Start of PROVIDED DATA
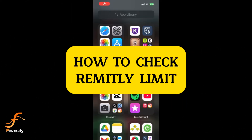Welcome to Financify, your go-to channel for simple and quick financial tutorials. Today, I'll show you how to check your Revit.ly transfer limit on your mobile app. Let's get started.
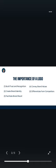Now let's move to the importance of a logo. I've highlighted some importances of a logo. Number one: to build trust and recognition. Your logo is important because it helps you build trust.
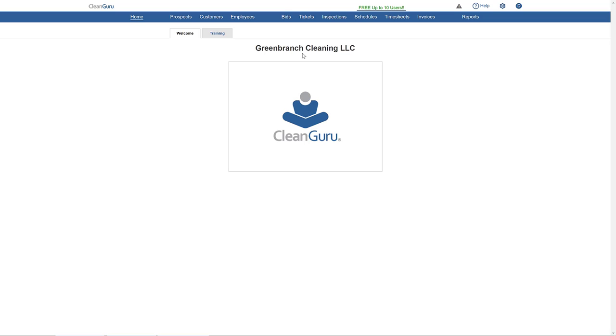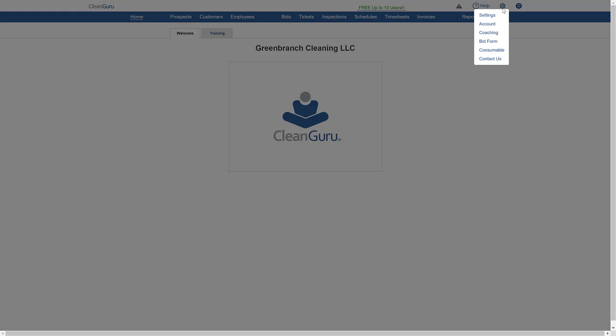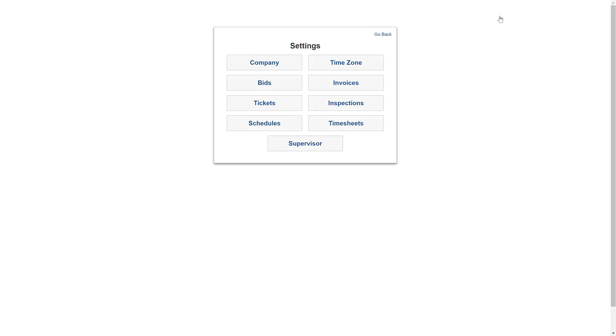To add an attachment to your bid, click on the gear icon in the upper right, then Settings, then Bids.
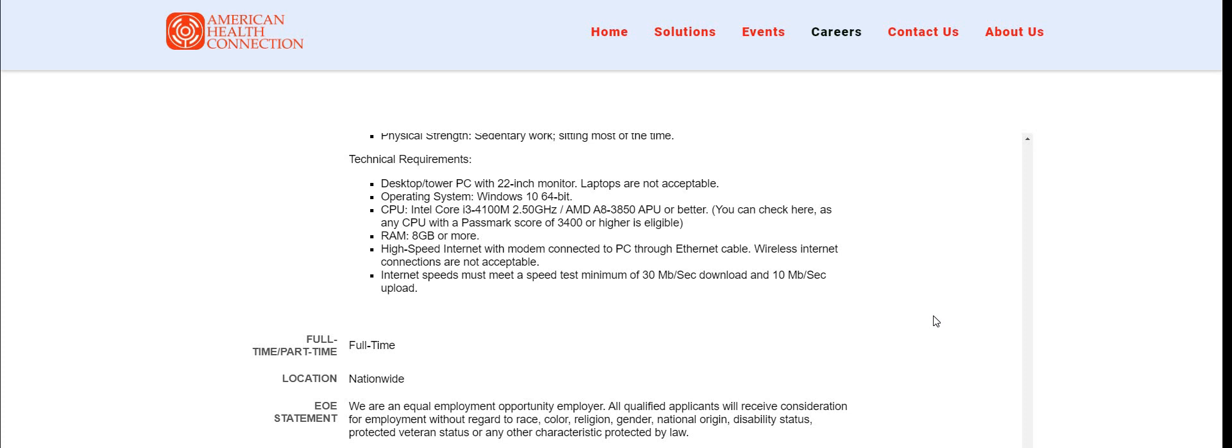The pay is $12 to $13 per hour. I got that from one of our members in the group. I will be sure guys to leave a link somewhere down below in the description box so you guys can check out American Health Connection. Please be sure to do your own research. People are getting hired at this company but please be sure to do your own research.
End of PROVIDED DATA
[WHAT THIS TASK INVOLVES] From the line containing "Now let's move" down to the final line of the material, restate every line word for word, and only those; drop the pictures.

[ANSWER SPACE]
Now let's move to the importance of a logo. I've highlighted some importances of a logo. Number one: to build trust and recognition. Your logo is important because it helps you build trust.
To add an attachment to your bid, click on the gear icon in the upper right, then Settings, then Bids.
The pay is $12 to $13 per hour. I got that from one of our members in the group. I will be sure guys to leave a link somewhere down below in the description box so you guys can check out American Health Connection. Please be sure to do your own research. People are getting hired at this company but please be sure to do your own research.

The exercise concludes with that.